Bloomberg Technoz, Jakarta - Kementerian Koordinator Bidang Perekonomian (Kemenko Perekonomian) mengaku akan mengupayakan pengurangan beban bagi dunia usaha dalam menjalankan aktivitas ekonomi. Hal ini seiring dengan keputusan pemerintah untuk meningkatkan rata-rata upah minimum sebesar 6,5% pada 2025.

Tim Ahli Kemenko Perekonomian Raden Pardede mengatakan pengurangan beban dunia usaha perlu dilakukan, salah satunya terkait kemudahan perizinan. Menurut Raden, kemudahan perizinan pada akhirnya akan mengurangi biaya operasional para pelaku usaha.

"Misalkan ke pajak untuk urusan mendirikan bangunan itu butuh beberapa hari atau 10 hari atau sebulan, dua bulan [dipotong] menjadi dua hari, tiga hari kan itu akan mengurangi biaya juga," ujar Raden kepada wartawan di Jakarta, Selasa (2/12/2024).

Namun, Raden juga belum bisa memastikan bahwa pemerintah akan memberikan insentif fiskal atau stimulus baru ke sektor dunia usaha atau tidak.

Dalam kesempatan yang sama, Raden juga mengklaim keputusan pemerintah untuk meningkatkan rata-rata upah minimum sebesar 6,5% pada akhirnya akan menguntungkan dunia usaha. Menurut dia, kenaikan upah minimum akan memperbaiki daya beli masyarakat Indonesia. Dengan demikian, permintaan terhadap barang akan meningkat seiring dengan peningkatan daya beli.

"Dengan [kenaikan] begitu maka masyarakat terutama yang gajinya akan naik sehingga mereka bisa membeli barang, kalau membeli barang tentu Itu juga at the end akan menguntungkan juga si dunia usaha kan," ujar Raden.

Sebelumnya, Asosiasi Pengusaha Indonesia (Apindo) mengkhawatirkan kenaikan rata-rata upah minimum sebesar 6,5% pada 2025 bakal memicu terjadinya gelombang pemutusan hubungan kerja (PHK). 

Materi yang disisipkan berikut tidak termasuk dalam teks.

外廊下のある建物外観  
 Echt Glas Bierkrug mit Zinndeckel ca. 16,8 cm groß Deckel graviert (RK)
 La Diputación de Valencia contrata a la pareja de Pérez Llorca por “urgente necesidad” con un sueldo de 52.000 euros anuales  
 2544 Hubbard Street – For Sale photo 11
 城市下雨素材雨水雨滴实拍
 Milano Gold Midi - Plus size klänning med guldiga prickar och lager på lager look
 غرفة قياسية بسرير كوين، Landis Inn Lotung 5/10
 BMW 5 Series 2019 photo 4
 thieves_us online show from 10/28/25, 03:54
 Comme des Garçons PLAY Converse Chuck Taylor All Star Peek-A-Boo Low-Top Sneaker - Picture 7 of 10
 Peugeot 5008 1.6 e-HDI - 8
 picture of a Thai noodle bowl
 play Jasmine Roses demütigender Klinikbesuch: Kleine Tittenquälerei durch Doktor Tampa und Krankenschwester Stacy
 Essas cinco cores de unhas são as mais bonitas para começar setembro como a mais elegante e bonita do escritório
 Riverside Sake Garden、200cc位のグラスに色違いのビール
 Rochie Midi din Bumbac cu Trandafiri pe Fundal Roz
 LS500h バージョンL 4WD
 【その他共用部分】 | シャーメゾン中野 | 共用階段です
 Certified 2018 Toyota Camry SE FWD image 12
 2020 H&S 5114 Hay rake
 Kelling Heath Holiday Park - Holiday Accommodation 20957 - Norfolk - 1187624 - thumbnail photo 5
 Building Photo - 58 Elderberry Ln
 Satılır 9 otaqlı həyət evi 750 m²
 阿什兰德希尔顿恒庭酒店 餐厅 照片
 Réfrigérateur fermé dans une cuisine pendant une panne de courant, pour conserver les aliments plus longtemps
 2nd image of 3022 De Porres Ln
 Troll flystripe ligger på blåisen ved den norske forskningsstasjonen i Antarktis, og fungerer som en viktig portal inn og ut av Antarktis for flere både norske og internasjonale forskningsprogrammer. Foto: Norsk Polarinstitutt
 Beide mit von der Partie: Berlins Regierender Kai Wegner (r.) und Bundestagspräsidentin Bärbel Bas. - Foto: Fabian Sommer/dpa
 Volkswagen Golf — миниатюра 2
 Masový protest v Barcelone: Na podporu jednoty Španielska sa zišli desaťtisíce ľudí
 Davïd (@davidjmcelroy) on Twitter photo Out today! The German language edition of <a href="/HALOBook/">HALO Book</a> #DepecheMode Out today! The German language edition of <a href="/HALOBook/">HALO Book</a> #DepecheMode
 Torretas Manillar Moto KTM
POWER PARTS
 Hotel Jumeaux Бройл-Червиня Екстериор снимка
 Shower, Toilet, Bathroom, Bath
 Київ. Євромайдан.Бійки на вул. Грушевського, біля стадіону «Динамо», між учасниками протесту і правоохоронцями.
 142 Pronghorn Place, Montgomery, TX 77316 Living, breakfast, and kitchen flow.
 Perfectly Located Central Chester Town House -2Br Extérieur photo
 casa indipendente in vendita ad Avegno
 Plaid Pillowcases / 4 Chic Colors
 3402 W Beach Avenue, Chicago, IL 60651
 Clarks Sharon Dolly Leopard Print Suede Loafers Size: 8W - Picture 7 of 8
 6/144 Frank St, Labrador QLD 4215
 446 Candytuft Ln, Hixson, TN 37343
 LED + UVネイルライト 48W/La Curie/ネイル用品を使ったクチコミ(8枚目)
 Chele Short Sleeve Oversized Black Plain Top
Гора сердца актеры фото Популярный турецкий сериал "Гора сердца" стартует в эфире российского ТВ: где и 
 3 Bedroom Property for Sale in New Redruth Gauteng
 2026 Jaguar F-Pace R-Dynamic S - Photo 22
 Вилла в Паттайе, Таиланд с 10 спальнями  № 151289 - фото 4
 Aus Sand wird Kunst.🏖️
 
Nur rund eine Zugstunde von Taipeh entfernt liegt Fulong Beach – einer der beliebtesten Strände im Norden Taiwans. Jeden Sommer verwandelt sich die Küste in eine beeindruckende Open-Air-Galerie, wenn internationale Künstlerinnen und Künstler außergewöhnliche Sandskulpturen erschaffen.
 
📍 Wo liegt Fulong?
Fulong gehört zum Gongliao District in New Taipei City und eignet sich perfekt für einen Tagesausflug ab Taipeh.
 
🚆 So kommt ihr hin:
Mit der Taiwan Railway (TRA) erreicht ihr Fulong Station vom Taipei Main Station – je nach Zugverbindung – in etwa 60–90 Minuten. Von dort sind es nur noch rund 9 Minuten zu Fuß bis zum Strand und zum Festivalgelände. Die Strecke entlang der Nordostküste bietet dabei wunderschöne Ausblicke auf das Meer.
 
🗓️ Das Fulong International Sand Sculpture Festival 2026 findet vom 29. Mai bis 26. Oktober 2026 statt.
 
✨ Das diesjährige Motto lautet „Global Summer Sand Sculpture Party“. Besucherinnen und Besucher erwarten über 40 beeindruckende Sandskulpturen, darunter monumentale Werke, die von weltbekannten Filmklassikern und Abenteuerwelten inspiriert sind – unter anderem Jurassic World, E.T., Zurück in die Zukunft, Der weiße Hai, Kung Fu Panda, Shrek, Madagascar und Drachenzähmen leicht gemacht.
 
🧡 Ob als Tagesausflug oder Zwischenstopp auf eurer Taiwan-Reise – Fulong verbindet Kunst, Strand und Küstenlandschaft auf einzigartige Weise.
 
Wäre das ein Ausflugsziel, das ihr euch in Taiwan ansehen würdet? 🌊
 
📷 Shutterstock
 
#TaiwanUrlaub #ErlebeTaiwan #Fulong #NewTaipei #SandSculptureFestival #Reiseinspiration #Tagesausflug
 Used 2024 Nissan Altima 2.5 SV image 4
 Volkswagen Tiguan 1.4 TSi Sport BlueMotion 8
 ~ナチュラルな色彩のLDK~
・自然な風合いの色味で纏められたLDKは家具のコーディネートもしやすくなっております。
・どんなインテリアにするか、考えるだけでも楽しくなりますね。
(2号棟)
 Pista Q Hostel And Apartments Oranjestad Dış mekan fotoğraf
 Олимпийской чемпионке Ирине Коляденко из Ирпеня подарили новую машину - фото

Ketua Umum Apindo Shinta W Kamdani mengatakan kenaikan upah minimum seperti upah minimum provinsi (UMP) yang cukup signifikan akan berdampak langsung pada biaya tenaga kerja dan struktur biaya operasional perusahaan, khususnya di sektor padat karya yang berisiko meningkatkan biaya produksi. 

Kenaikan biaya produksi itu, kata Shinta, pada akhirnya akan mengurangi daya saing produk Indonesia di pasar domestik dan internasional, di tengah adanya tantangan ekonomi. 

"Sehingga hal ini dikhawatirkan akan dapat memicu gelombang PHK serta menghambat pertumbuhan lapangan kerja baru,” ujar Shinta dalam siaran pers, dikutip Senin (2/12/2024). 

Melansir publikasi Kementerian Tenaga Kerja, pada Oktober lalu, terdapat 63.947 orang pekerja yang kehilangan pekerjaan karena vonis PHK. Dibandingkan Oktober 2023, angka itu melonjak 40% dan sudah hampir melampaui total kejadian PHK sepanjang tahun lalu.